Uma partitura de Tropicália, de Caetano Veloso, veio também. Aquela trazia observação manuscrita menos airosa: «Êste, em minha opinião, é pilantra!!!». Como eu tinha grande admiração pela erudição de meu professor, achei que ele devia ter razão.

Não foi senão uns dez anos mais tarde que, de volta ao Brasil, pude conhecer mais a fundo a obra dos dois jovens artistas, Buarque e Veloso. Tenho de admitir que meu mestre não estava tão errado assim. O Chico era realmente «dos bons», enquanto o outro nunca me entusiasmou.

Quando o carteiro chegou

Quando o carteiro chegou

MENSAGEM (Quando o carteiro chegou)
Sempre achei ― e continuo achando ― que o melhor do Brasil não é seu povo, nem seu clima, nem suas belezas naturais, nem sua língua. O que mais me encanta em Pindorama é a música. Antes da internet, a cada viagem que fazia ao Brasil, eu trazia de volta uma boa quantidade de discos. Primeiro, foram aquelas bolachonas pretas de vinil. Depois, apareceram os cds, bem mais práticos e menos volumosos. Hoje em dia, não precisa mais. Meu rádio recebe o sinal por internet, o que me dá acesso a milhares de estações, desde a Mongólia até a Patagônia.

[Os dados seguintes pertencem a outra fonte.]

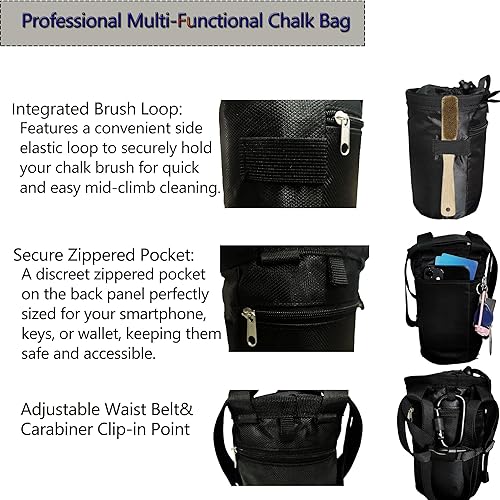 Miniatura 2 de Bolsa de tiza de escalada en roca y cubo de bouldering, Oxford de 7.5 pulgadas con bolsillo con cremallera, accesorios ligeros de gimnasio para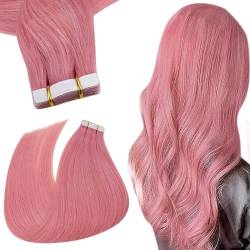 Tape-in-Extensions mit lockigem Haar, rosa, echtes Menschenhaar, 40 Stück, 100 g, unsichtbare Seiten, PU-Haar, Pfirsich, für modebewusste Frauen(Pink,28in-70cm) von DLKJCX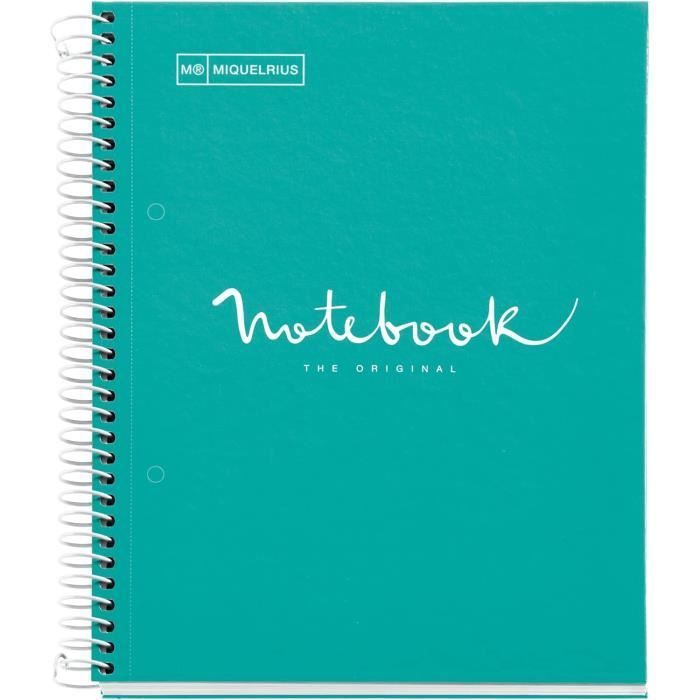 Carnet De Notes A4 Miquelrius Emotions - 80 Feuilles Quadrillées 5 Mm, Papier 90 G/m², Couverture Polypropylène Bleu Ciel, 4 Trous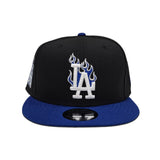 Black Los Angeles Dodgers Flame Logo Royal Blue Visor Gray Bottom LA Side Patch New Era 9Fifty Snapback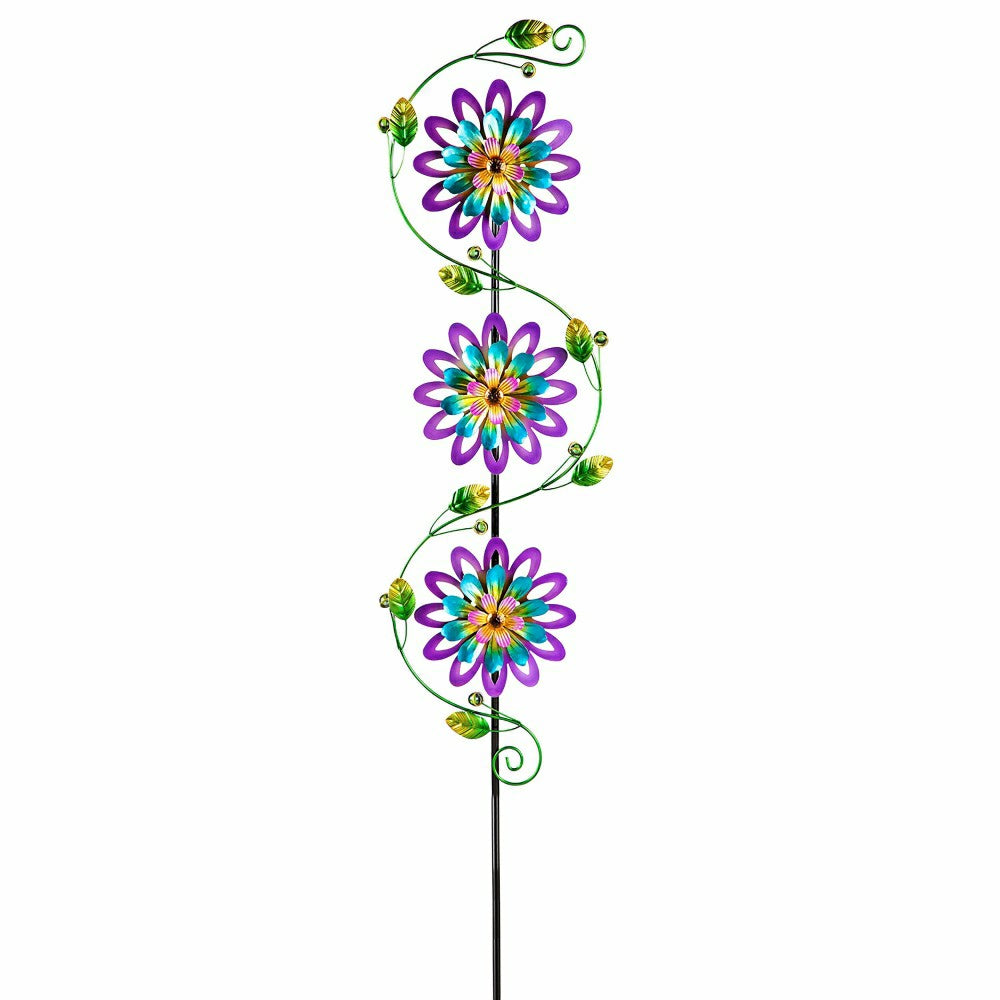 Plow & Hearth Spinning Violets Garden Stake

Outro dia estava sintonizado na Rádio Nacional de Brasília. É uma emissora chapa-branca, daquelas que chamam a presidente de presidenta. Mas tem uma excelente programação, quase exclusivamente musical. Uma coisa compensa a outra. Lá pelas tantas, uma música me pareceu familiar. Não coincidia exatamente com o que eu tinha em memória, mas a parecença era indiscutível.

Não precisei pensar muito. Logo identifiquei que aquilo que estavam tocando era uma quase cópia do samba-canção Mensagem, composto pelos cariocas Cícero Nunes e Aldo Cabral e gravado por Isaura Garcia, na flor de seus 23 aninhos, em 1946. Esperei até o fim da cantoria do rádio. Queria ficar sabendo que música era aquela e quem se apresentava como autor. No fim do bloco, o locutor informou: «Pé do meu samba, de autoria de Caetano Veloso, cantada por Mart’nália». Pra você ver.

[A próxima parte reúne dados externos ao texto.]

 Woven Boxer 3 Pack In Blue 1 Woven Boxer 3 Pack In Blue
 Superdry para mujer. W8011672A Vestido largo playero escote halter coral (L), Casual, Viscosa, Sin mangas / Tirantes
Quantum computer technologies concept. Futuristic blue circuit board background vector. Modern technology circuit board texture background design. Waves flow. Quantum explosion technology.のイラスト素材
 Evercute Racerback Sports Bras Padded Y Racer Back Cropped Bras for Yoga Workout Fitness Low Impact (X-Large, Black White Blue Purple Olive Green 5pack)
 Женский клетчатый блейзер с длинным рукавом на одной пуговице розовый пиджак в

Envelope... sem sobrescrito

Envelope… sem sobrescrito

PLÁGIO
Plágio? É difícil dar um veredicto definitivo. Apesar dos mais de 60 anos que separam as duas composições, a linha melódica e a harmonia, pelo menos nos primeiros compassos, é idêntica. É possível até que a velha Mensagem já tenha caído no domínio público deixando, assim, de ser protegida pela legislação sobre direito autoral.

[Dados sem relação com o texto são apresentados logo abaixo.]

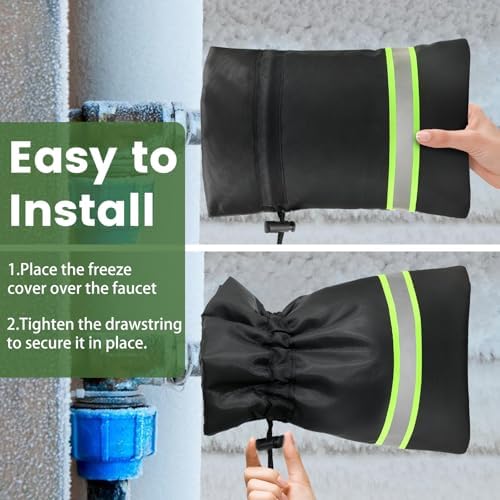 Outdoor Faucet Covers for Winter Freeze Protection, 4 Pack 9" H x 5.9" W Outside Hose Bib Covers for Winter, Thickened Reflective Pipe Wrap Insulation Socks with 420D Waterproof Oxford Fabric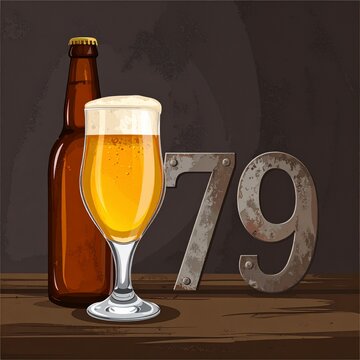 Rustic Beer Glass and Bottle with Number 79 &ndash; Birthday and Anniversary Illustration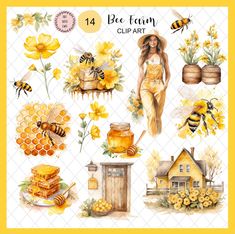 watercolor bee team clipart with honey, bees and honeycombs on it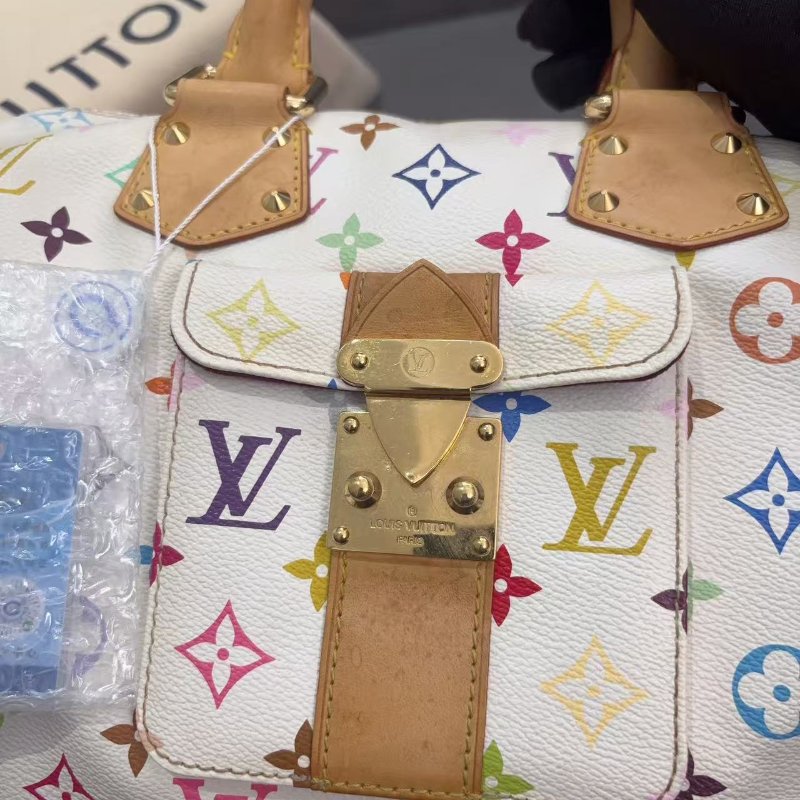 路易威登/Louis Vuitton 白三彩Speedy30枕頭包-9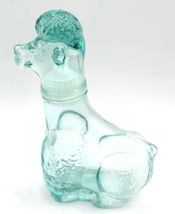 Poodle Dog Decanter Empoli Art Glass 7&quot; Aquamarine Vetreria Etrusca Ital... - $34.95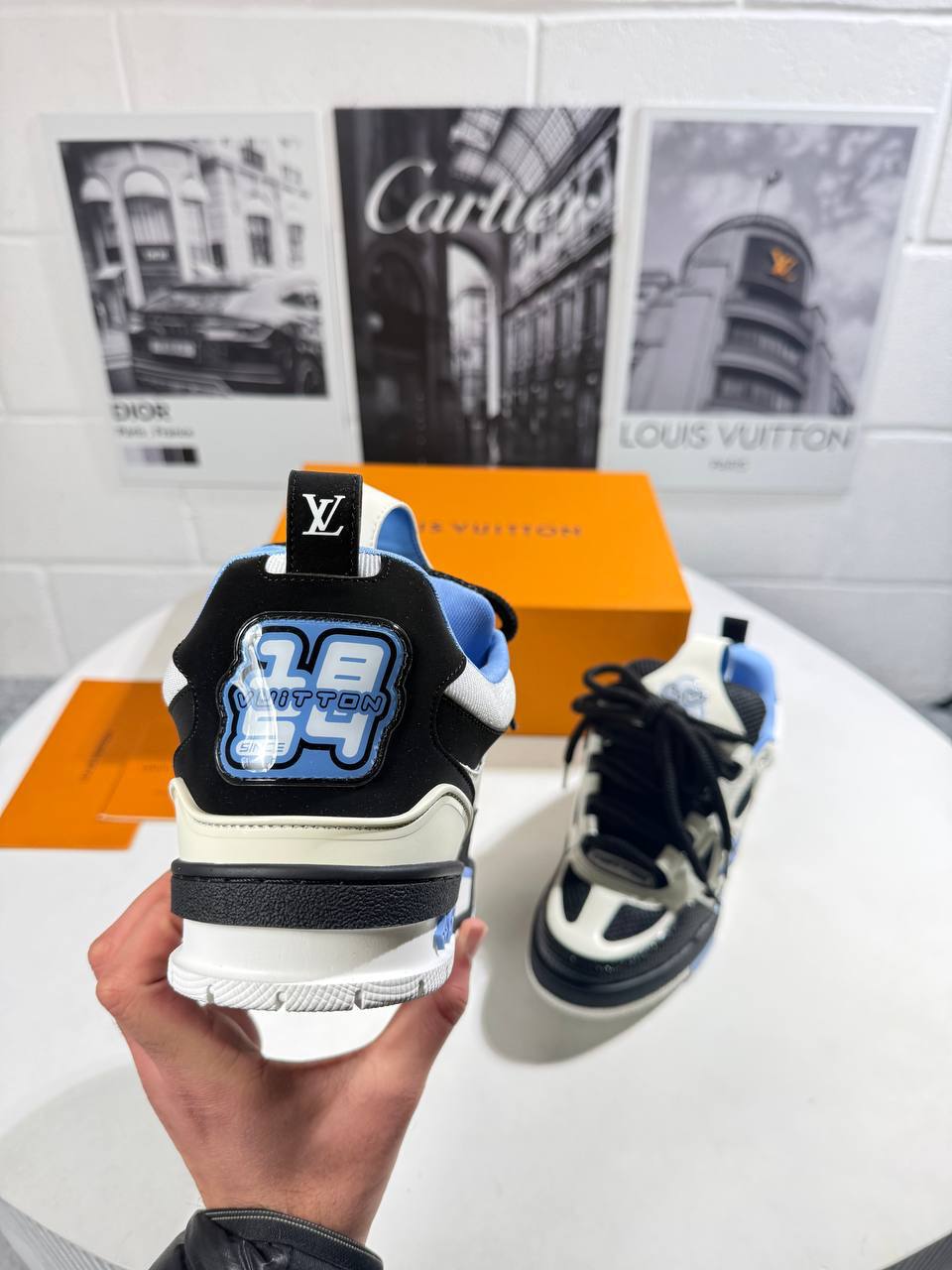 Louis Vuitton LV Skate Black/White/Light Blue Men's Sneakers Reps Sale UK Best Quality AAA Replica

Há atitudes que, embora lícitas, fogem à ética. O senhor Veloso, ao ressuscitar o velho samba-canção, poderia ter revelado a origem de sua inspiração, a parceria póstuma. Teria sido bem mais simpático e não faria mal a ninguém. Ademais, evitaria chocar os ouvidos dos que ainda se lembram «daquela do carteiro». Será que meu bom professor de música tinha razão?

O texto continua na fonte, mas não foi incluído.